After working with Microsoft Azure for over 10 years now, think this must be the one question that I’ve received the most “why is my VM running so slow in Azure?”. Companies that have been using Azure as a pure IaaS based platform and moved or built new virtual machines on the cloud platform would certainly notice the difference compared to traditional virtual infrastructure.
The big picture of things that can get in the way
However, I wanted to use this blog post to elaborate on why certain things might be a bit slower and other factors that can impact performance secondly features that you can use to enhance performance, and lastly how to troubleshoot if something is not working as intended.
NOTE: Much of the content in this blog post is also applicable for the other cloud providers, just replace Azure names with other features or services from the other vendors.
1: Moving from on-premises to a cloud-based platform
The jump from having virtual machines running on a private cloud or existing data center with some form of virtualization (or even modern HCI) where you have high-end storage capacity to a cloud-based platform is going to be a painful jump. With most modern HCI vendors a VM runs with much of the required data running either cached on the local physical host it is running on or stored nearby on an SSD/NVMe drive. If we go even further back with traditional SAN’s there were also high-end connections using FC/iSCSI which connected to the virtualization layer to a backend SAN with either some caching mechanisms or SSD capabilities. In most environments, you do not have any QoS on storage traffic, so it means that when a VM requires higher bandwidth and or I/O it gets access to it when needed. This might affect other VM’s, but we don’t really care since it might not be noticeable. Now try and convert both the architecture and access to I/O in a cloud-based platform, well it won’t work. First of when Microsoft (and others started building cloud-based platforms) they needed to create a storage layer where it can scale both in performance/capacity regardless of the compute and not dependant on SAN limitations. Secondly, if you want to provide a cloud-based model with standardized services, and lastly to ensure the same experience/performance for all customers you need to place QoS in place to ensure consistent performance. That way they calculate how much storage traffic they need to handle at any given time. So, when you provision a VM with storage in Azure you get a predefined limit on I/O and bandwidth, unlike what you usually get on-premises (Yes you have the option to define Storage QoS on-premises)
So much of the definition is providing services in a standardized manner that can scale across multiple data centers and secondly provide high levels of redundancy. Just as a comparison I can set up an Azure VM today with a standard SSD drive that can only provide me with 500 IOPS, while my SSD drive on my laptop can go anywhere from 1500 – 5000 IOPS. Important to understand that while some drives only provide 500 IOPS there are a lot of different SKUs that will provide higher levels of performance.
2: Understanding the building blocks
Many tend to compare Azure or other cloud platforms like any other virtualization platform, but there is a lot of differences and especially when it comes to automation.

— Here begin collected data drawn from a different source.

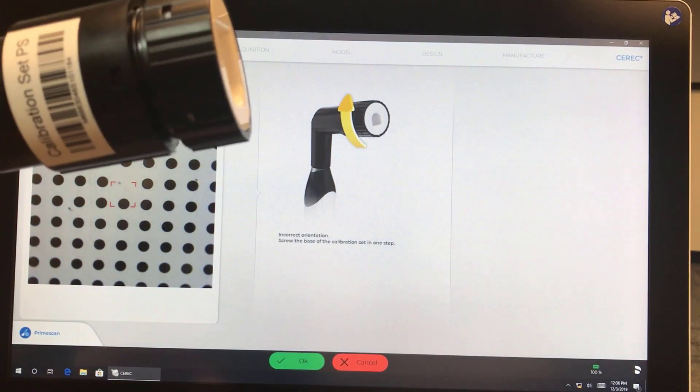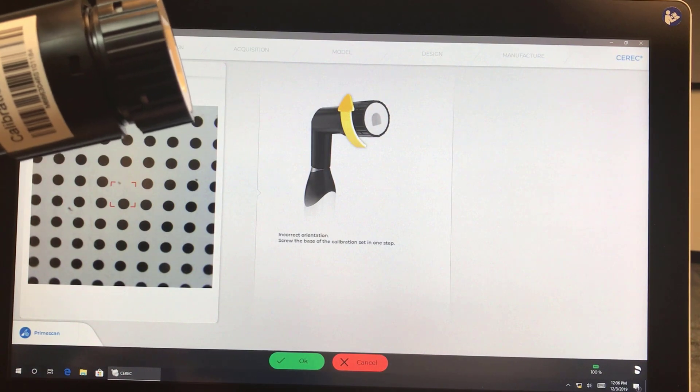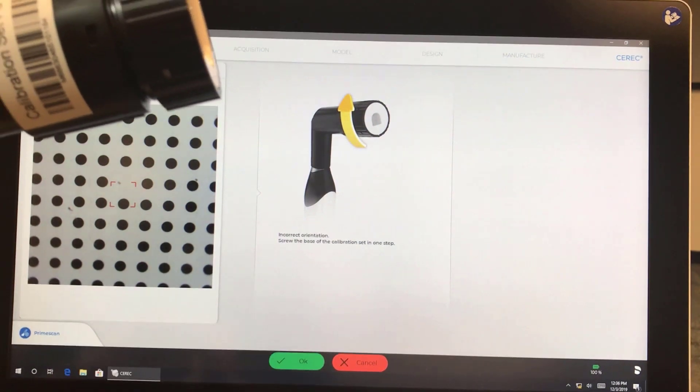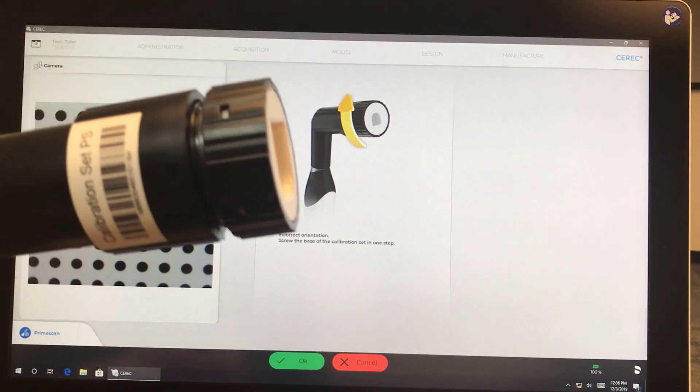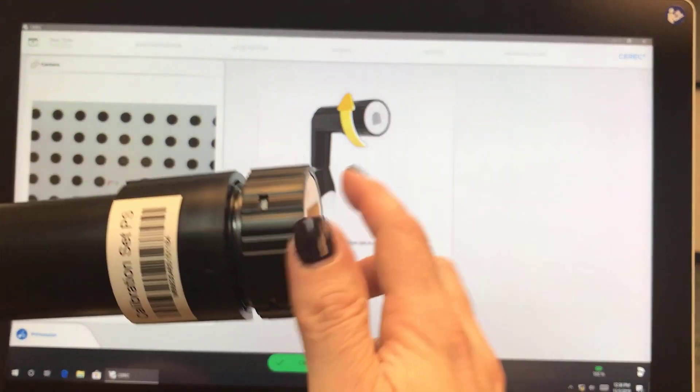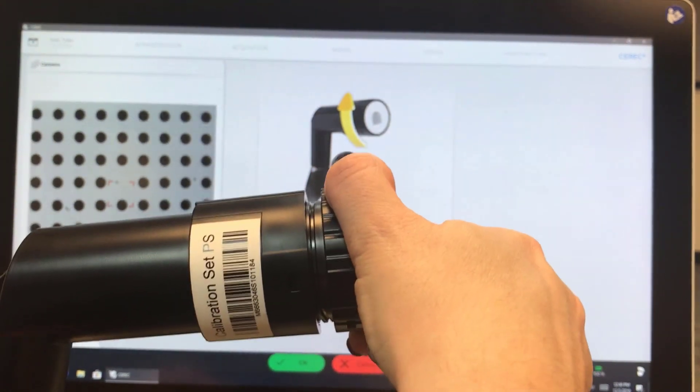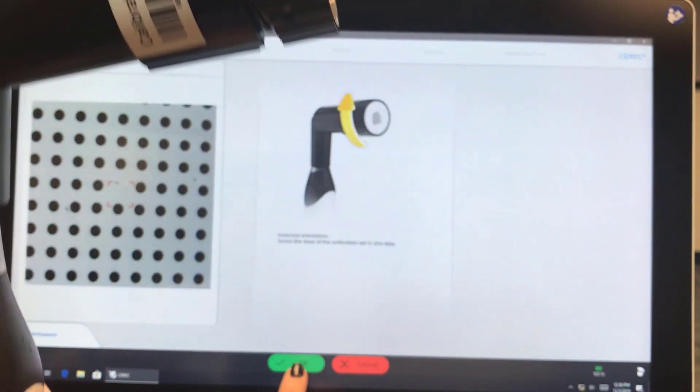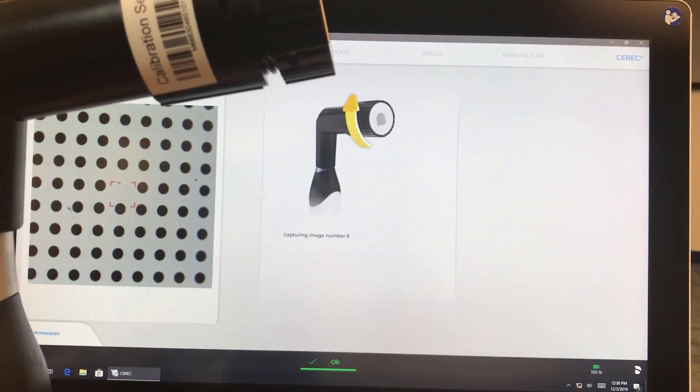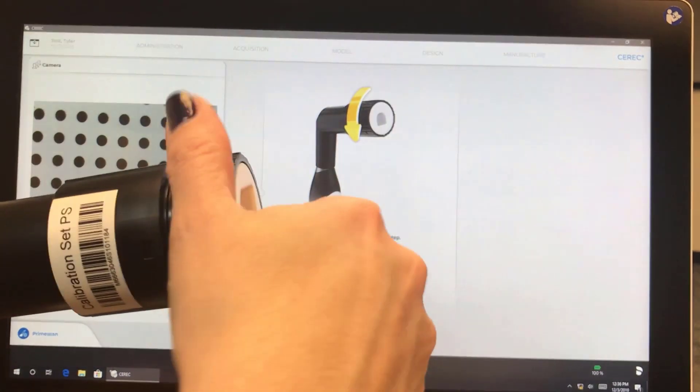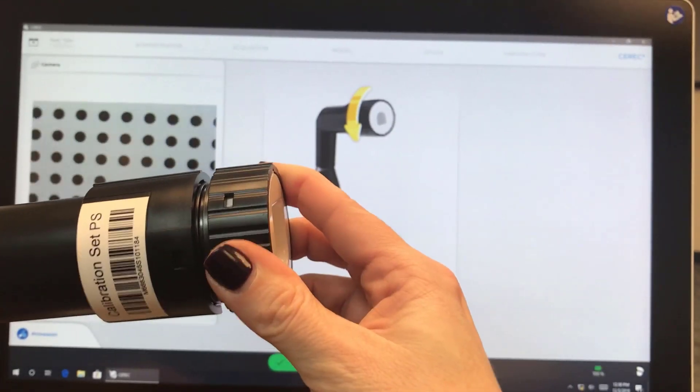If you make a mistake, it's going to tell you that you made a mistake. So it's telling me incorrect orientation. So it shows me what I need to do. I need to go back one step. Hit OK. And now just continue following the instructions.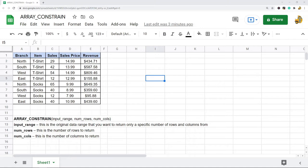or a range of data to a specific size. So if you want to only work with a portion of data, you can use ARRAY_CONSTRAIN to return an array of a specific size that you input into the arguments of the function.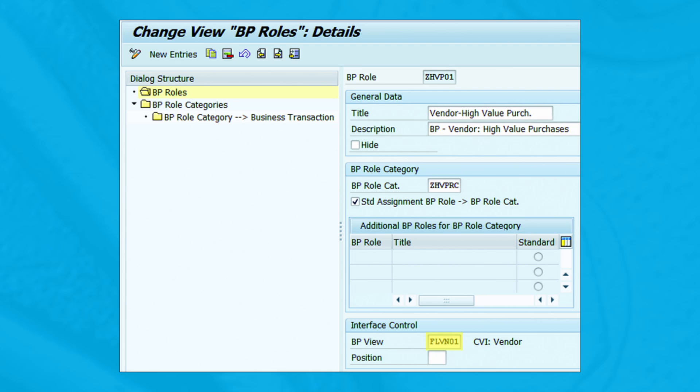Assign the standard BP view FLVN01 in the lower half of the screen to ensure standard screens and layouts are available while creating a new business partner of the newly configured business partner role category.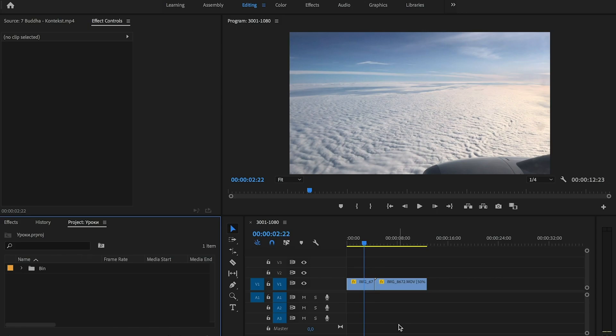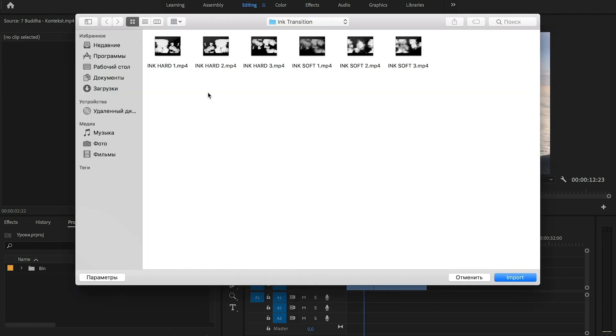I have prepared two clips in my timeline. You can download all necessary files from the description in the video. In the folder that you have downloaded, we have six transitions.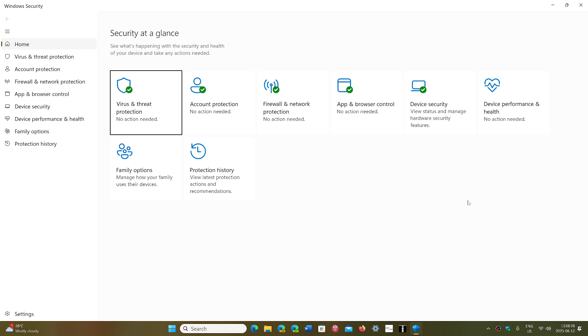That's why there's already a basic scan that's done automatically by Windows Security. It has its own scan that it does regularly, and that's enough.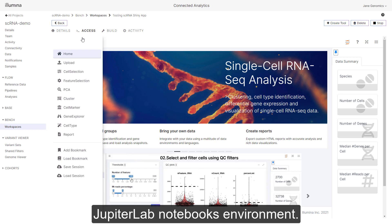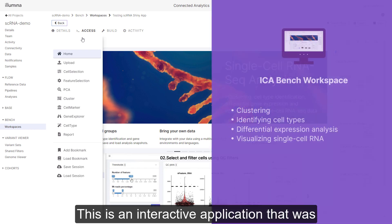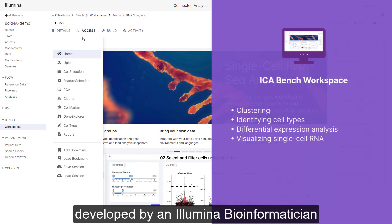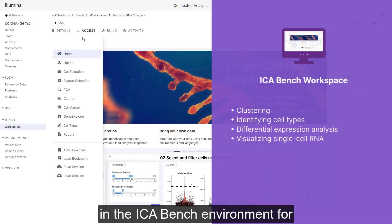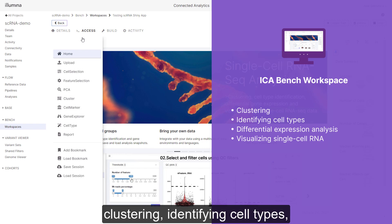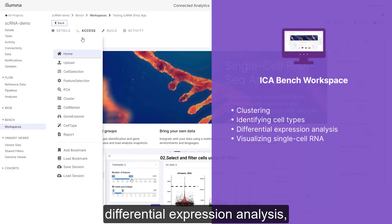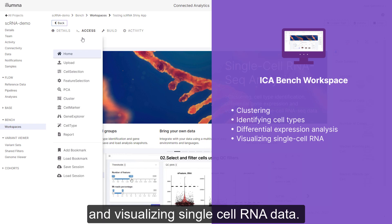This is an interactive application that was developed by an Illumina bioinformatician in the ICA Bench environment for clustering, identifying cell types, differential expression analysis, and visualizing single cell RNA data.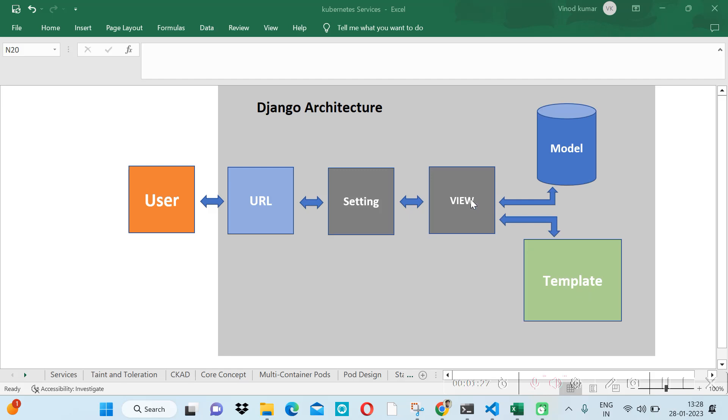The view will interact with both model and template. This is the Model-View-Template architecture that Django follows. In the next video, we will learn Django file structure and go deeper into the topic. Thanks for watching.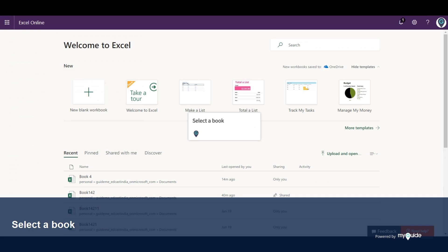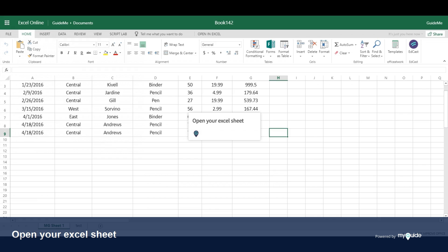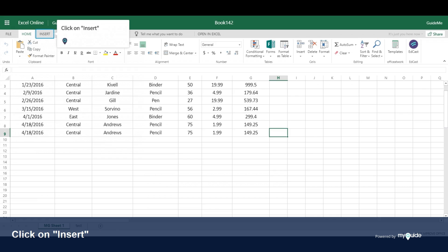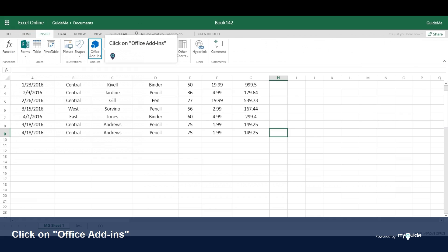Select a workbook, open your Excel sheet, click on Insert, click on Office Add-ins.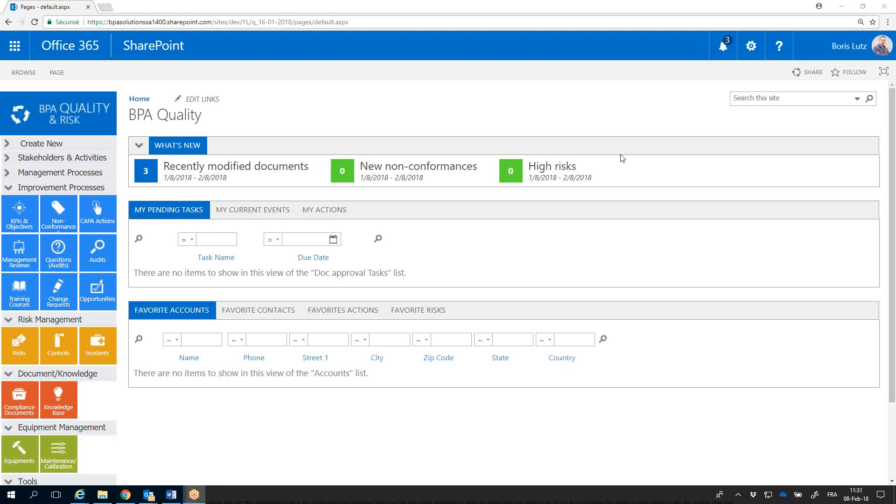Hi, I'm Boris Lutz, CEO and Founder at BPA Solutions. Let's have a quick overview of BPA's Digital Signature Module to comply with CFR 21 Part 11 Regulations.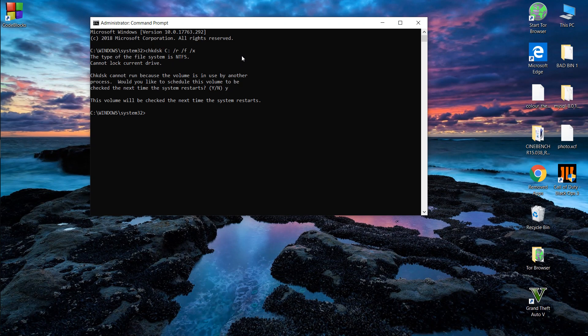This command will run at the next reboot and will check your drive and repair it.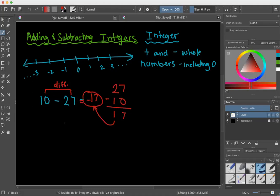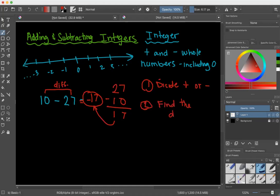Those are the steps: first, decide whether your solution is going to be positive or negative. Then find the difference between the two numbers without looking at the symbols — just the absolute values of the two numbers. Let's practice one more problem.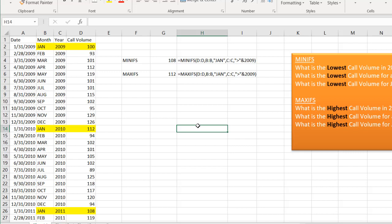So there's our examples of using the MINIFS and MAXIFS functions. Kind of a neat feature if you wanted to get the minimum or the highest or the lowest value. So I hope that helps. Thanks for watching.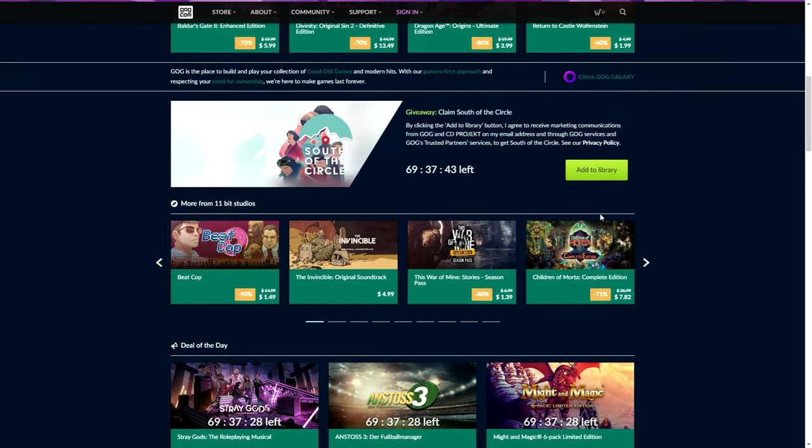Our game on GOG is South of the Circle. This is available for the next three days. I think this might be the last free game from GOG.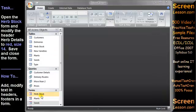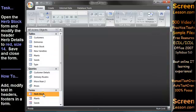Open the Herbstock form and modify the header Herb Details to be red, size 14. Save and close the Herbstock form.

Therefore, I wanted to showcase some of the building blocks in Azure.
When you use any CLI/SDK/API/Web Portal to interact with Azure you are interacting with a global front-end (used to be called Red Dog Global Front end) but now also called Azure Resource Manager. If I go into the Azure Portal and provision a virtual machine there are a lot of steps that will happen in the background.
The front-end will send API calls to the main fabric controller which will do a couple of things.
1: Allocate virtual machine capacity resources based upon region/availability zone and VM SKU that is needed on a specific Fabric Host. If it is part of any availability zone or proximity group, it will also honor those settings. This task is delegated via Microsoft.Compute resource provider.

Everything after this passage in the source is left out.